Intitulé du projet de loi constitutionnelle

M. le président. L’amendement n° 8, présenté par Mme V. Boyer, est ainsi libellé :

Compléter cet intitulé par les mots :

, de la biodiversité, du climat et de nos paysages naturels

La parole est à Mme Valérie Boyer.

Mme Valérie Boyer. Cet amendement devrait emporter les suffrages sur l’ensemble de nos travées, puisqu’il vise à ajouter à l’intitulé du projet de loi constitutionnelle les notions de « biodiversité », de « climat » et de « paysages naturels », à des fins de lisibilité et de cohérence avec les modifications qu’il porte.

À cet égard, l’utilisation du terme « biodiversité » a le mérite de faire preuve de clarté, au contraire de celui de « diversité biologique ». La biodiversité est définie par la Convention sur la diversité biologique comme « la variabilité des êtres vivants de toute origine y compris, entre autres, les écosystèmes aquatiques et les complexes écologiques dont ils font partie : cela comprend la diversité au sein des espèces, ainsi que celle des écosystèmes ».

En sus, préserver l’environnement n’est pas antithétique de l’ambition de ménager nos paysages, qui sont une grande richesse de nos territoires, constituent notre patrimoine et contribuent à notre identité géographique. On ne peut donc accepter que nos parcs naturels soient dénaturés par l’installation de structures, comme les éoliennes ou des antennes relais, qui peuvent parfois menacer la biodiversité en artificialisant les milieux naturels.

Face aux écologistes hors sol qui opposent, in fine, « écologie » et « écosystèmes », défendons nos paysages, notre patrimoine, notre identité géographique, défendons une écologie du bon sens, dans le respect de notre territoire, de son identité et de ses spécificités.

C’est la raison pour laquelle je propose de compléter l’intitulé de ce texte.
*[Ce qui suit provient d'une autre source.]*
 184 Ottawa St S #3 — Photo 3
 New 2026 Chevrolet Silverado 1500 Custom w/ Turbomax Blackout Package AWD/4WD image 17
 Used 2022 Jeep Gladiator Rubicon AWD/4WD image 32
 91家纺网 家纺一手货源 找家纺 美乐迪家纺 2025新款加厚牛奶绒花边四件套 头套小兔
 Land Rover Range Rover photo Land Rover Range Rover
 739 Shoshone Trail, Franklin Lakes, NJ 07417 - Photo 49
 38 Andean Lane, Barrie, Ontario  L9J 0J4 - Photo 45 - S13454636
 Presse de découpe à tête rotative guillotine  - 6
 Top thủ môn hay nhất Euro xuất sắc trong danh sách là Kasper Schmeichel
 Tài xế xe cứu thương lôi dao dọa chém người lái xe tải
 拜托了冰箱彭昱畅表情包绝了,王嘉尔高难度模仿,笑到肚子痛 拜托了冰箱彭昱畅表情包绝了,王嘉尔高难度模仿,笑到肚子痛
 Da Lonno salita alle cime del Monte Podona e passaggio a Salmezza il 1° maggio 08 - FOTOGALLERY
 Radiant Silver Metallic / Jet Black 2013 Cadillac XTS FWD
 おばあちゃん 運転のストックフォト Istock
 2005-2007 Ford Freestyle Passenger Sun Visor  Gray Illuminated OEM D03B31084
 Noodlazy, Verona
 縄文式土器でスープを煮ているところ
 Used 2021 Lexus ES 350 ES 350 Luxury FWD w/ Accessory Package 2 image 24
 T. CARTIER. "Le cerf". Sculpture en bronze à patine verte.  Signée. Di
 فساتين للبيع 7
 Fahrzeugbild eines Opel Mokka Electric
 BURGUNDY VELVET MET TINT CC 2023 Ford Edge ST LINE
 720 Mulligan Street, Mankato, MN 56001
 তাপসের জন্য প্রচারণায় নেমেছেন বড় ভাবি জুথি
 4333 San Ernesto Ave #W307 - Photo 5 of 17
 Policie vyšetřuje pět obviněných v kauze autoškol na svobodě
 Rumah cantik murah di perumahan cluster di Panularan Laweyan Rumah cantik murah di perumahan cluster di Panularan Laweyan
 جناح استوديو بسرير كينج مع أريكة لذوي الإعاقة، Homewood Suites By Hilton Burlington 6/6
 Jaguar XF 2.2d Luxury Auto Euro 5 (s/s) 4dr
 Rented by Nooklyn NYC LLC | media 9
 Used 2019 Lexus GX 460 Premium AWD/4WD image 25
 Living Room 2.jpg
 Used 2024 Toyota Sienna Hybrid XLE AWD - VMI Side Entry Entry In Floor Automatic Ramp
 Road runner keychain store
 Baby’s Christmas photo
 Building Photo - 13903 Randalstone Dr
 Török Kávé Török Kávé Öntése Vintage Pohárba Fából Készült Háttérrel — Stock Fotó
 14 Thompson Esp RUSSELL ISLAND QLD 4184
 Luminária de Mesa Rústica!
M. le président. Quel est l’avis de la commission ?

M. François-Noël Buffet, rapporteur. Je note que l’adoption de cet amendement n’aura pas d’effet juridique, puisqu’il concerne l’intitulé du texte. Elle sera sans conséquence.

Par ailleurs, il serait étrange d’inscrire dans l’intitulé le terme « biodiversité », alors que nous venons de préférer inscrire à l’article unique la mention « diversité biologique » pour être en parfaite cohérence avec la Charte de l’environnement.

Enfin, s’agissant de la référence au paysage naturel, la commission des lois craint une confusion.

Le droit constitutionnel de l’environnement est aujourd’hui centré d’abord sur la protection de la santé et de la vie humaine ; or la notion de paysage est plutôt d’ordre esthétique. La protection des paysages, en droit français, se rattache plutôt au droit du patrimoine qu’à celui de l’environnement, notamment depuis la loi du 2 mai 1930 ayant pour objet de réorganiser la protection des monuments naturels et des sites de caractère artistique, historique, scientifique, légendaire ou pittoresque. Je relève d’ailleurs que la plupart des paysages français n’ont rien de naturel, mais qu’ils sont le produit de siècles d’histoire et, en particulier, de la diversité des pratiques agricoles et sylvicoles.

Pour ces raisons, la commission des lois a souhaité vous demander de retirer votre amendement ; à défaut, son avis serait défavorable.

Mme Valérie Boyer. Je retire cet amendement !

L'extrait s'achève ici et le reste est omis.